İşte bu yüzden kötüler, özellikle fantastik/dispotya hikayelerindeki kötü krallar sanatı ve sanatçıyı sevmezler. Hangi yüzyılda olursak olalım sanat bazı boş kafalı insanlar tarafından “değersiz” ve “işe yaramaz” olarak görülür. Günümüzde bile bazı insanlar “Boş işlerle uğraşıyorsun” diyerek sanatı ve sanatçıyı küçük görür, engellemeye çalışırlar. Düşünmesi bile çok sinir bozucu. Onlar hayatı renksiz gördükleri için diğerlerininde renksiz görmesini istiyorlar. Ama bilmeleri gereken şey; herkes hayatı renksiz görmek zorunda değil, herkes birbirinin aynısı olamaz. Üstelik herkes aynı renkte olmak zorunda da değil, farklı renklerimizin ve düşüncelerimizin olması bizi tuhaf ya da garip yapmaz veya dışlanmayı gerektirmez!Madem farklılıklar güzeldir, diyorsanız o zaman bunun arkasında durmak gerek.
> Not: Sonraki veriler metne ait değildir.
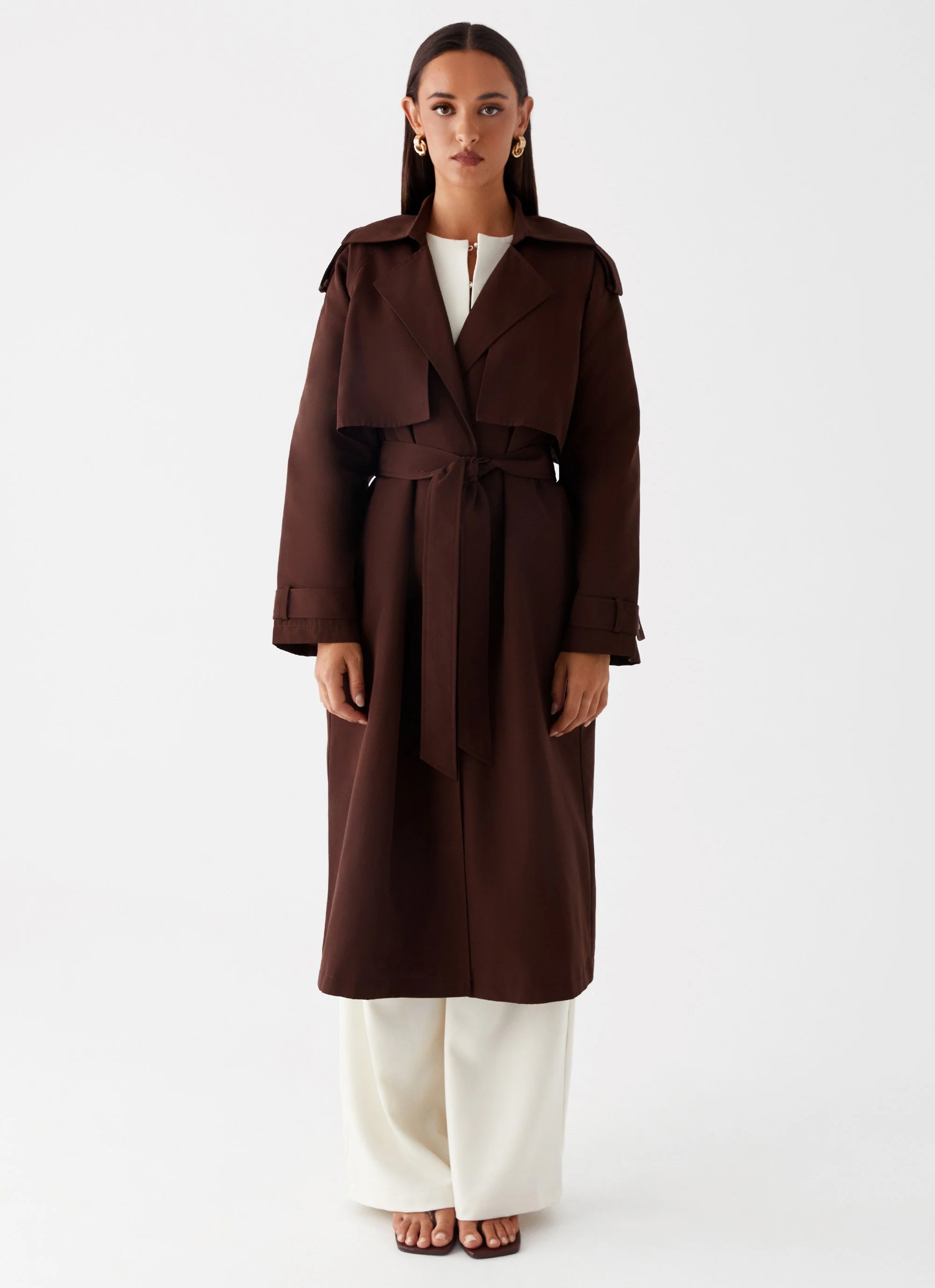 Rent Free Trench Coat - Chocolate - Image 2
Sanata engel olmaya çalışmalarının bir diğer sebebi; sanatın olayları yansıtmasıdır, bazen haksızlığa karşı farklı bir şekilde tepki
göstermesidir. Bu da insanların bilinçlenmesini sağladığı için sanat kötüler tarafından nefret edilir. Kötü adamlar hiçbir hikayede bilinçli ve zeki karakterleri istemez ve sevmezler. Çünkü kolayca parmağında oynatamazlar.
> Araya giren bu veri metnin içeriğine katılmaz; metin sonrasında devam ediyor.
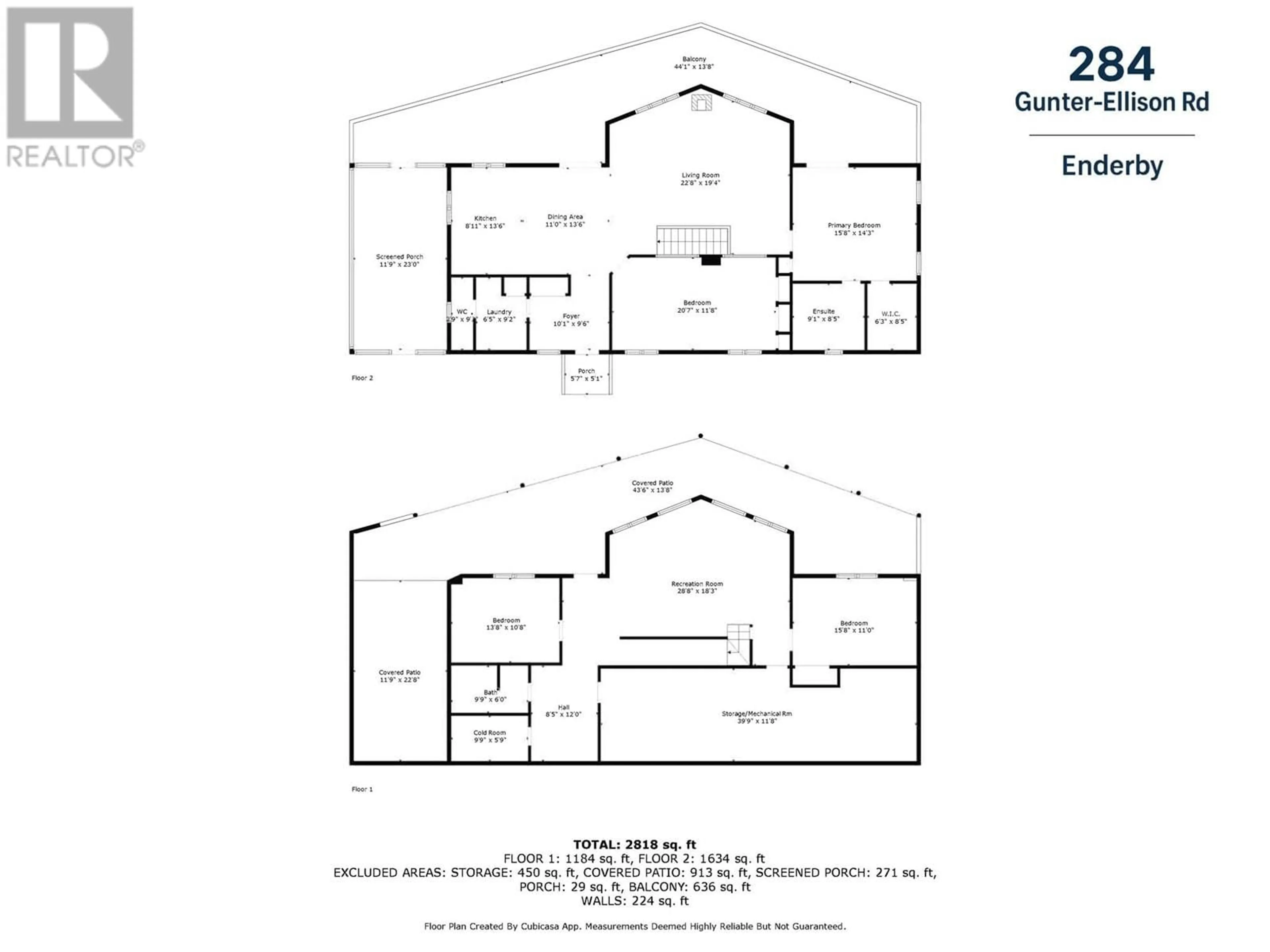 Floor plan for 284 GUNTER-ELLISON ROAD, Enderby British Columbia V4Y4L9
Ayrıca sanatını icra eden kişiler doğru olanı yapsalar bile birilerinin kötülüğü yüzünden haksızlığa uğrarlar. Onların tek suçu doğru olduklarına inandıkları şeyi yapmaları, doğruyu söylemeleri ve sanat eserlerini ortaya koymaları.Bazen bir resim,bir yazı,bir heykel,ya da bir şarkıyla…
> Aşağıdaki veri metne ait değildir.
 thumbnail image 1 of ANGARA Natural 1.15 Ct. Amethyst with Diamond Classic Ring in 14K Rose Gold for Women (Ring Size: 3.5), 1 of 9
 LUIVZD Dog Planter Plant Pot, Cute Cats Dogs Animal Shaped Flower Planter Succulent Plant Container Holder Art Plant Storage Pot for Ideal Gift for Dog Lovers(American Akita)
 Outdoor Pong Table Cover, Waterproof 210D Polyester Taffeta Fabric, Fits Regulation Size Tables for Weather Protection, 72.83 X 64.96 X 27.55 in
Sanat ve sanatkar tarih boyunca engellenmeye çalışılsa da, bu konuda hiçbir zaman başarılı olamadılar.Kötüler ölümsüz değil.Bazen hikayelerde uzun süre bulunabilirler ama asla yenilmez değiller. Yendiklerini sandıklarında bile…
Biz yine birilerinin sesi olmaya devam edelim.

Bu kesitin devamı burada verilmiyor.